In other news, I found a dead mouse in our house this week. We have a bathroom that is off of our kitchen, and it contains a shower that never gets used since there are bathrooms right off of the bedrooms in our house. We do use this bathroom for quite a lot of peeing, however. But we never open the shower door - for reference, it's one of those hard-shell, frosted-glass varieties. Anyway, I went swimming one day this week (in my normal bathing suit, which was abruptly rendered nearly obscene since my tubby middle caused the high leg holes to ride up even higher, necessitating board shorts), and I figured I'd hang up my wet towel and swimsuit in the kitchen bathroom. I threw the towel over the shower shell, and, planning to hang my suit over the showerhead, I opened the door. There on the drain was a dead mouse (fortunately, a freshly dead mouse). I yelled, "Ack!" and then "Goddamn it!" (why not "Fuck?" Hmm.) and slammed the door shut. I considered getting rid of the mouse myself, but instead I just shut the door to the bathroom and waited for my husband to come home. Normally, I am the bug-killer in our family, but somehow I didn't feel prepared to be the varmint-disposer. A pest specialist visited the next day and posited that this mouse was a lone ranger, but he set up a bunch of traps anyway. I guess I should be glad I went swimming (which I rarely do) and thus discovered the mouse before he started to rot. But I also panicked about the disarray of our house. This weekend, I have undertaken an MCI (massive cleaning initiative). It is about 4 degrees outside, so I might as well be doing something indoors.
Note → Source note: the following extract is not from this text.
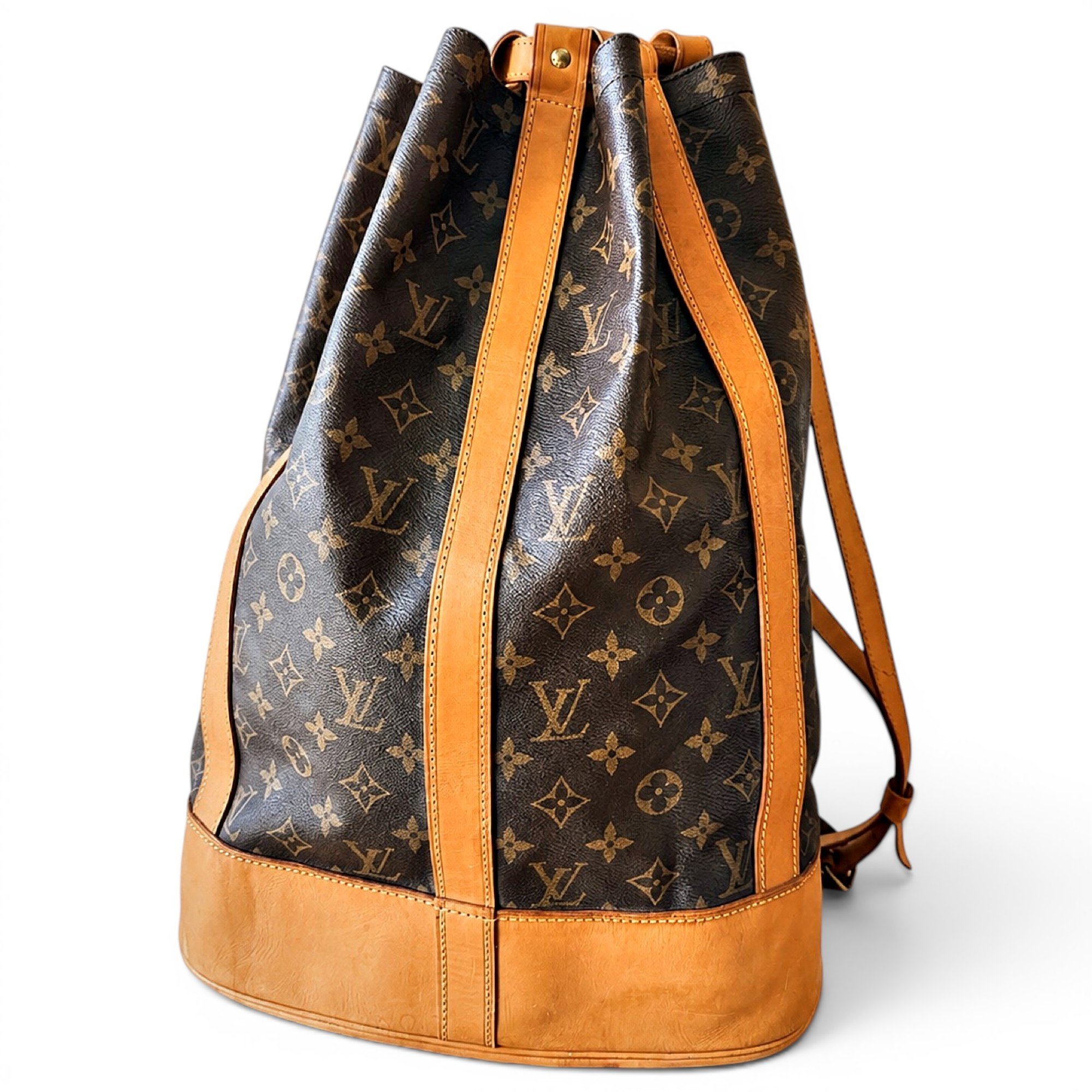 Randonnée leather backpack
On another topic, I was emailing with an online buddy this week - we had our FETs the same day. I was saying that I was using the Bell.a Band a bunch now, and she said I should just go for maternity pants - that I'd wonder why I hadn't done so sooner. Well, the big box of stuff from my friend arrived this week, and I made the mistake of trying on some of the maternity jeans. Holy moly - I am almost afraid I'll never wear anything but elastic-waisted pants again! So comfortable. I am going to try, however, to continue wearing my stretchier normal pants and the Bell.a Band for two more weeks at work - easier to remain undercover that way. Then I'll be off for a month and no one will see me. I can then make a dramatic reentry in January, looking like a beach ball.

My amnio is on Wednesday this week. I asked for FISH results (in addition to the main ones), which you get sooner than the amnio results, which take two weeks. I learned about this on the Internets, and I am very willing to pay $524 that could otherwise be used on pest control or housecleaning services or Christmas gifts, just so that I don't have to suffer in limbo. Also, my amnio results should be back around Dec. 21, so I was afraid I'd be getting bad news right in the middle of the holidays. I keep saying I'll act more normal and confident in this pregnancy if the amnio comes back good, but I will probably be insane until the very end. They are going to do the level II ultrasound at the same time as the amnio, I think, so I do hope to know gender that day. If not, it will come back with the amnio results.